Die nachfolgende Videoszene zum Mathematikunterricht entstammt der gleichen Klasse wie der angeführte Deutschunterricht und ebenfalls der Einführung in ein neues Thema. Ähnlich wie im Deutschunterricht versammeln sich die SchülerInnen am Gruppentisch. Sie wählen dabei eine vergleichbare Anordnung ihrer Plätze. Auch wird ihnen eine auf Kooperation angelegte Aufgabe erläutert.
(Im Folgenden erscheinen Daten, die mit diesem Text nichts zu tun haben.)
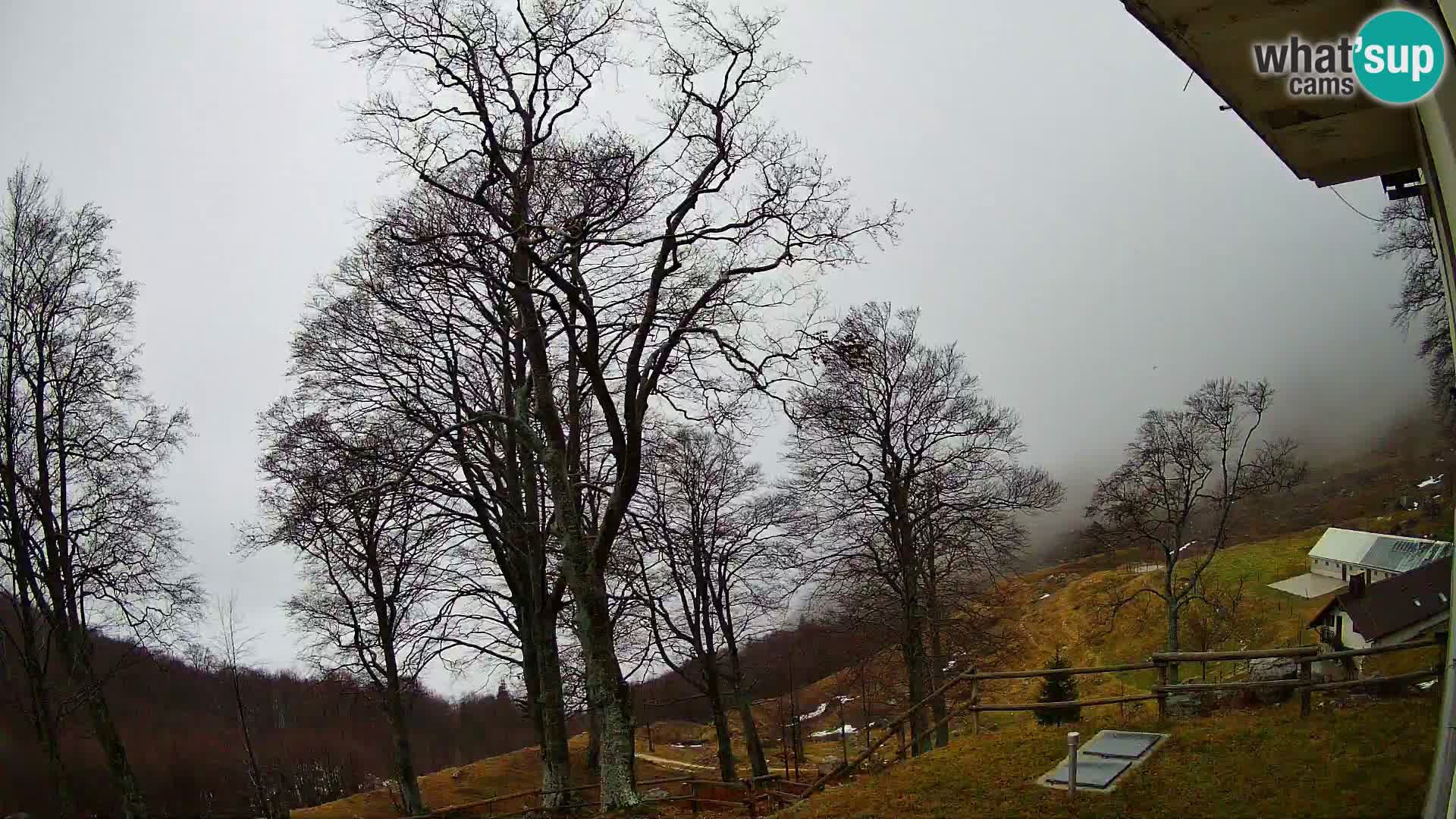 Planina Razor Bergütte Webcam (1315) | Blick auf Tolminski Migovec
Anders als im Deutschunterricht sollen die SchülerInnen dabei innerhalb von zwei durch Herrn Peters eingeteilten Gruppen[1] kooperieren, die miteinander in einen Wettkampf treten.
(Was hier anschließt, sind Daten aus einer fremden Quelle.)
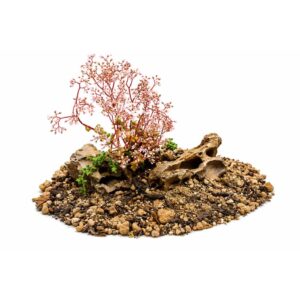 Sedum album "Coral Carpet"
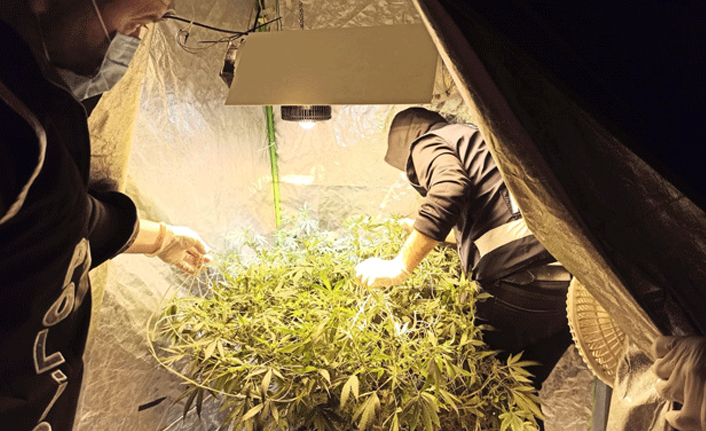 59 ilde dev operasyon! 574 kişi tespit edildi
Herr Peters führt gemeinsam mit Frau Werner in einem Klassengespräch in das Thema „Negative Zahlen“ anhand ihres Vorkommens im Alltag (z. B. Temperatur) ein. Dann fordert er einen Schüler auf, einen Zahlenstrahl von -15 bis +15 an die Tafel zu zeichnen und zu beschriften. Er teilt die SchülerInnen in zwei „Mannschaften“ ein: Jene, die vom Pult aus betrachtet links sitzen, bilden die eine Gruppe („Wandseite“), und jene, die rechts sitzen („Fensterseite“), die andere. An der Wandseite des Tisches sitzen nebeneinander (vom Pult aus) Dinika, Mahek, Joana, Alberta, Ahmet, Basil, Cem, Paolo und Fritz, an der Fensterseite des Tisches (vom Pult aus) Elena, Sarah, Adriano, Arda, Fuat, Nino und Emre (etwas später kommt Marco hinzu und setzt sich hinter Nino und Emre). Je abwechselnd sollen die Gruppen Zahlen zwischen eins und sieben subtrahieren, beginnend bei 15. Mithilfe eines Magneten wird der durch die Subtraktion auf dem Zahlenstrahl erlangte Wert markiert. Die „Mannschaft“, die durch Subtraktion zuerst den Wert von -15 erreicht, gewinnt. Die jeweilige Subtraktion wird zudem an der Tafel protokolliert. Nachdem die „Fensterseite“ zweimal gewonnen hat, fordert Herr Peters die „Wandseite“ auf, sich das Protokoll anzusehen, um herauszufinden, warum sie zweimal verloren hat, und ihr Vorgehen für die nächste Runde abzusprechen. Herr Peters führt weiter aus: „Wer als Nächstes gewinnt, hat die ganze Serie gewonnen.“ Nach ca. vier Minuten, während derer Herr Peters und Frau Werner mit SchülerInnen der „Wandseite“ zielführende Subtraktionen der nächsten Spielrunde eruieren, eröffnet der Lehrer die dritte und letzte Runde.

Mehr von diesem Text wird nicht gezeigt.